L’Histoire du Parlement de Paris, par M. l'abbé Big..., parut en 1769, Amsterdam, deux volumes in-8°. Les Mémoires secrets, connus sous le nom de Bachaumont, en parlent à la date du 25 juin ; mais l’ouvrage circulait dès le mois de mai[1] ; et, avant la fin de l’année, la cinquième édition avait vu le jour. Les trois lettres Big..., et le nombre des points qui les suivent, semblaient indiquer l’abbé Bignon. Sur le frontispice de la huitième édition, qui est de 1770, on lit en toutes lettres : Par M. l’abbé Bigore.

Wagnière, secrétaire de Voltaire, nous apprend[2] que l’Histoire du Parlement fut composée, non sur les matériaux fournis par le ministère, mais à son instigation. Ce n’était pas la faute de l’auteur si le parlement n’avait pas à se louer de la manière dont il y est traité. Voltaire n’avait pu dissimuler la guerre de la Fronde, ni mentir, pour plaire à messieurs[3], dont il n’avait assurément pas à se louer[4].

On sut bientôt d’où venait le livre ; on en nommait l’auteur, et comme il était question de poursuites contre lui, il crut les prévenir par des désaveux qui furent insérés au Mercure[5].

Le parlement toutefois renonça, pour le moment, à l’inutile cérémonie de brûler le libelle, et au soin plus sérieux d’en rechercher l’auteur[6].
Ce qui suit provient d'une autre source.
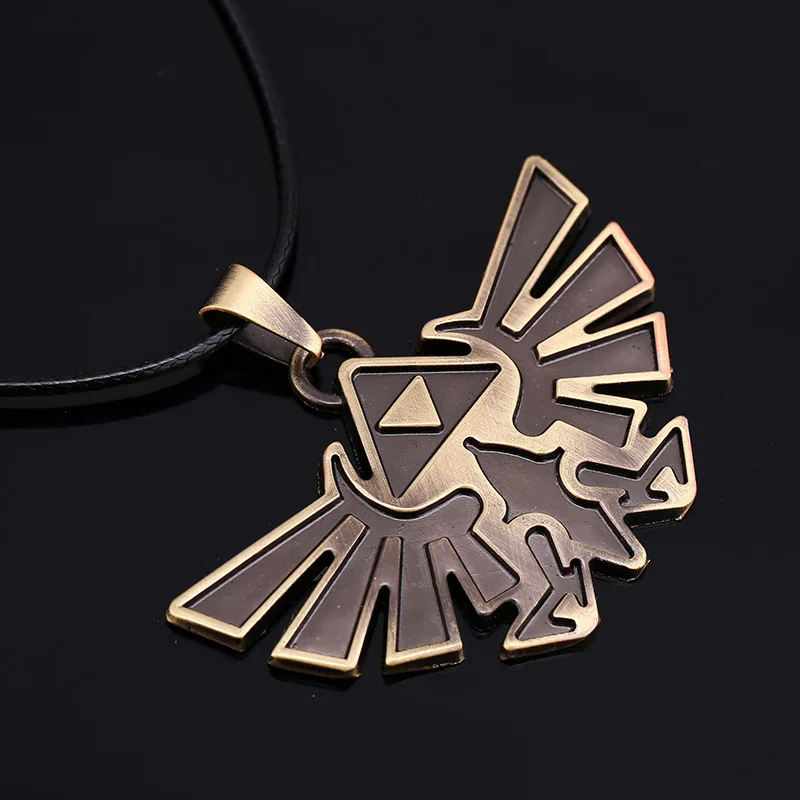 

24 Pcs/Lot Vintage the Bronze-Zelda Alloy Pendant Necklace Zinc Alloy Simulation Zelda Model Cosplay Bulk Wholesale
Mais lorsqu’en octobre 1770 l’avocat général Séguier vint à Ferney, il dit à Voltaire que quatre conseillers le pressaient continuellement de requérir qu’on brûlât l’Histoire du Parlement, et qu’il serait forcé de donner un réquisitoire vers le mois de février 1771[7]. Voltaire crut prudent de déclarer n’avoir aucune part à cette histoire, qu’il regardait d’ailleurs comme très-véridique, ajoutant que s’il était possible qu’une compagnie eût de la reconnaissance, le parlement devait des remerciements à l’écrivain qui l’avait extrêmement ménagé[8]. Voltaire avait, en effet, beaucoup ménagé le parlement. Il avait passé sous silence des faits dont il avait parlé dans d’autres ouvrages[9]. Il n’avait rien dit des jugements récents de Lally et de La Barre, qui l’indignaient tant[10].

Le réquisitoire de Séguier n’eut pas lieu parce que on requit autre chose en ce temps-là de ces messieurs, et la France en fut délivrée[11].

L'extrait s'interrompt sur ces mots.